» **Problem statement**
Return exactly the lines from the start of the records below through the line containing "Phuket Havalimanı’nda Air", both ends included, and leave out the pictures.

» **Data records**

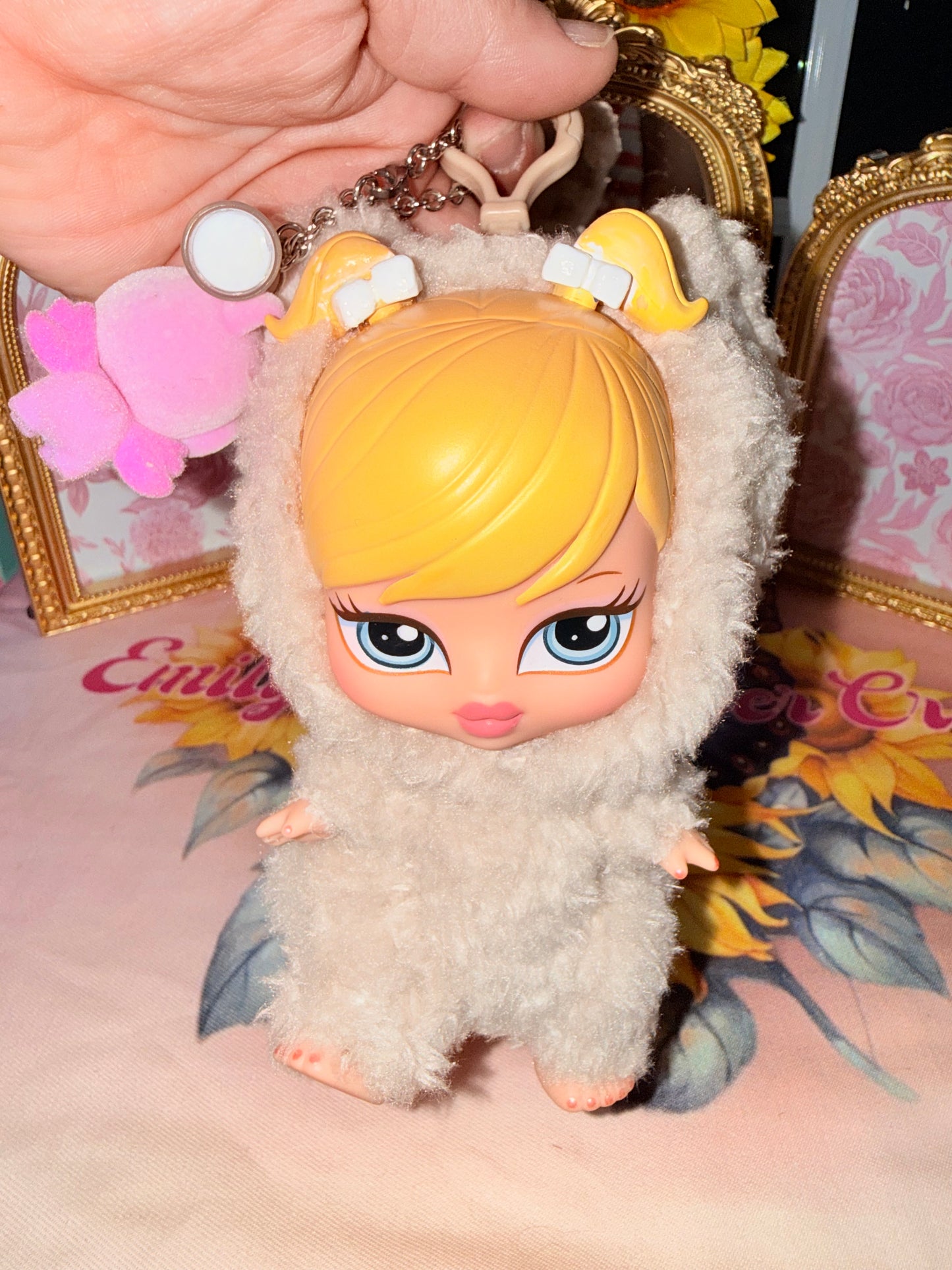 Bling It, Zip It, Charm It – Bag Charms, Keychains & Zipper Pulls That Pop! 💥🎉🪄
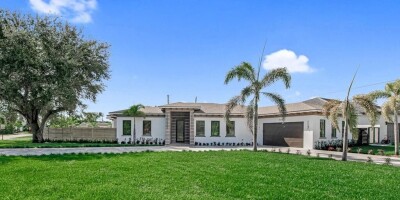Villa for sale in Palm Springs, Florida
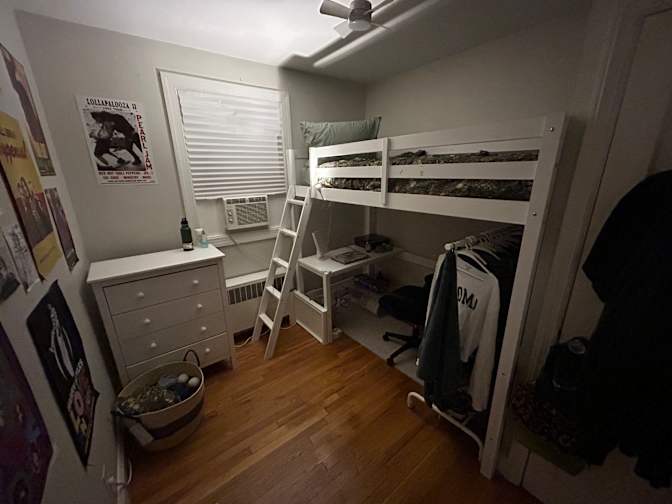 Lesley's room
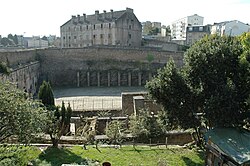 Rue Saint-Malo, le terrain de la Madeleine et la prison de Pontaniou.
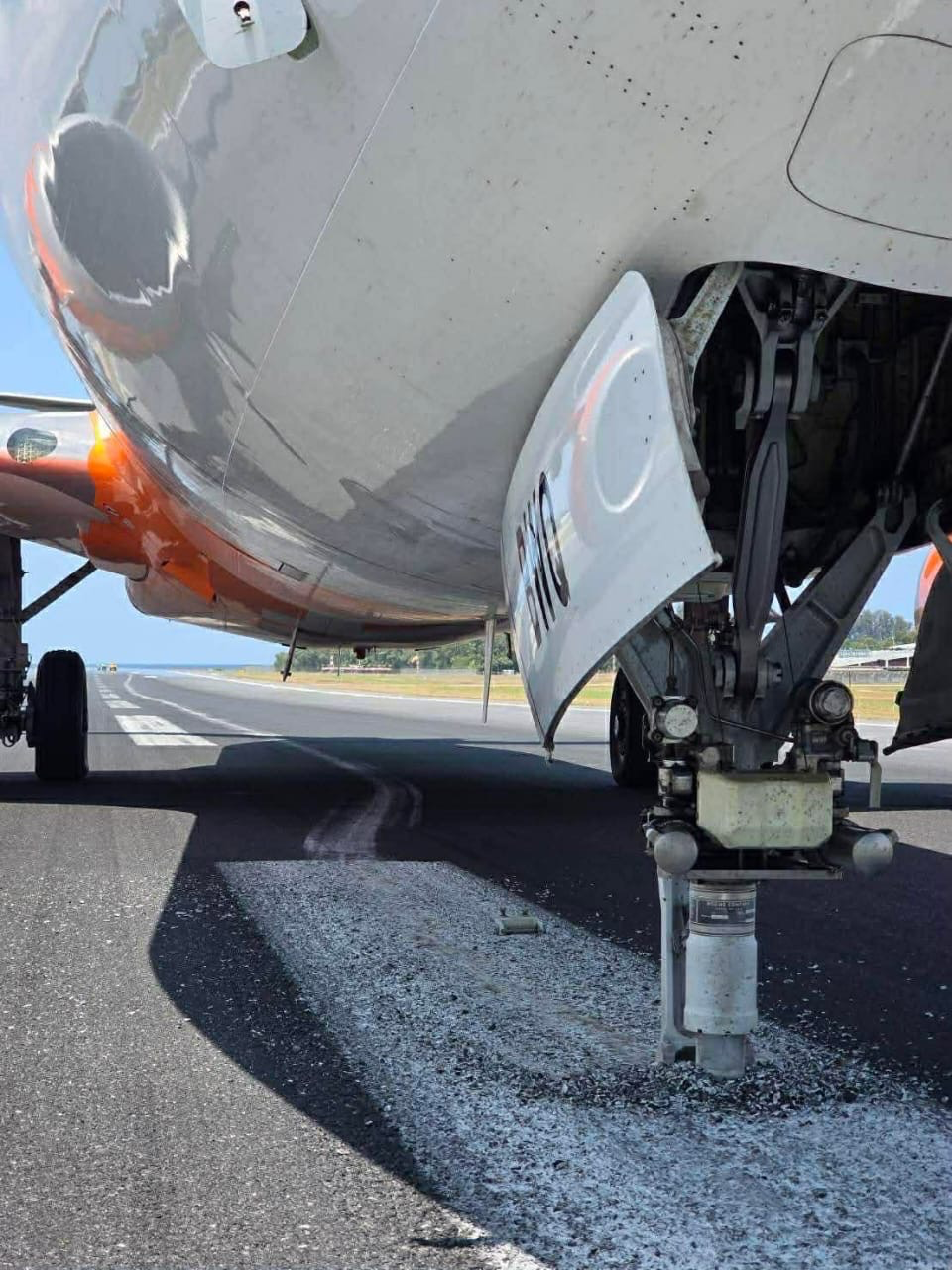 Phuket Havalimanı’nda Air India Express Uçağı Sert İniş Yaptı: Pist Geçici Olarak Kapatıldı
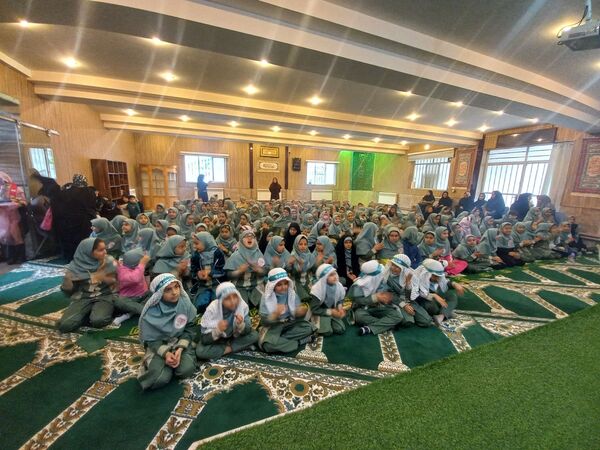 مراسم روز دانش آموز در دبستان دخترانه شاهد تحقیقی ناحیه ۶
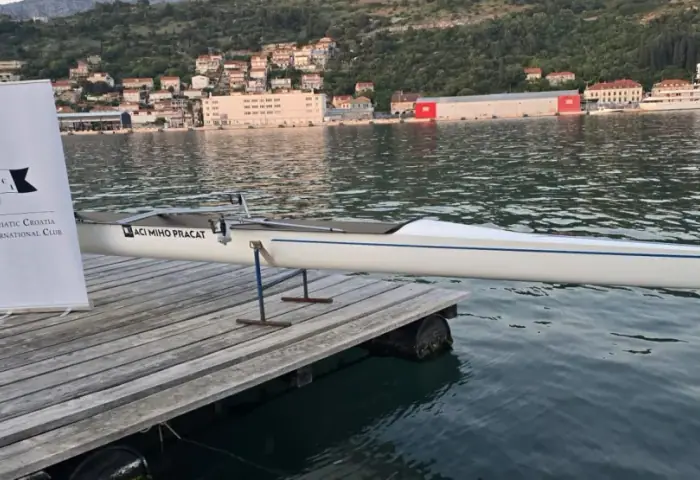 Čestitamo VK Neptunu 102. rođendan i na novom hangaru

» **Reply**
 Bling It, Zip It, Charm It – Bag Charms, Keychains & Zipper Pulls That Pop! 💥🎉🪄
Villa for sale in Palm Springs, Florida
 Lesley's room
 Rue Saint-Malo, le terrain de la Madeleine et la prison de Pontaniou.
 Phuket Havalimanı’nda Air India Express Uçağı Sert İniş Yaptı: Pist Geçici Olarak Kapatıldı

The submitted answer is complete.